UPDATED: March 31, 2017 at 12:50 p.m.

Before a recent game against North Carolina State, Sydney O’Hara had hit only one home run on the season. In her first at bat, she smashed an outside pitch over the left field wall — a rarity for the pull-hitting O’Hara.

“An oppo home run means (your) hands are working well that day,” O’Hara said.

She batted three more times in the game. She went yard in all three.

The four home-run game tied a NCAA record and landed the senior Louisville Slugger NFCA Division 1 Player of the Week honors. She was also named the espnW player of the week, the first time a member of the Orange has won that award.
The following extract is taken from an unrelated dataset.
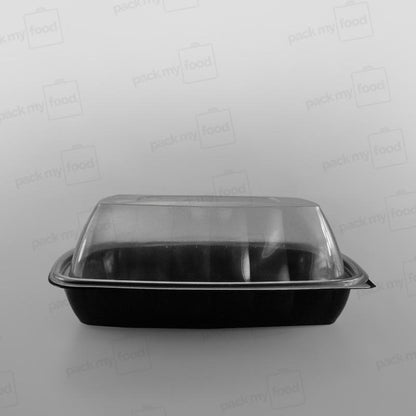 Somoplast Extra Large Black Microwavable Container - 1500cc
In her final season with Syracuse (17-10, 3-4 Atlantic Coast), O’Hara leads the ACC in batting average, on-base percentage and slugging percentage. Her .493 batting average is good for fifth in the nation. O’Hara, sometimes a designated hitter, other times first baseman and frequent relief pitcher, is going out with a bang in her final season with Syracuse.

“It’s just different,” O’Hara said. “I’m not as tense up there. I am more relaxed than ever.”

The comfort stems from steady improvement in practice sessions. O’Hara spent much of the summer focusing on hitting with her father. The pair traveled to a local middle school and set up a batting tee or hit soft toss three or four times a week.

The focus of the sessions remained on outside pitches. In the past, O’Hara faced many outside pitches but failed to capitalize on them. To fix the issue, the lefty put the tee on the outside of the plate and soft toss pitches scraped the edges of the plate, forcing O’Hara to stay on the ball.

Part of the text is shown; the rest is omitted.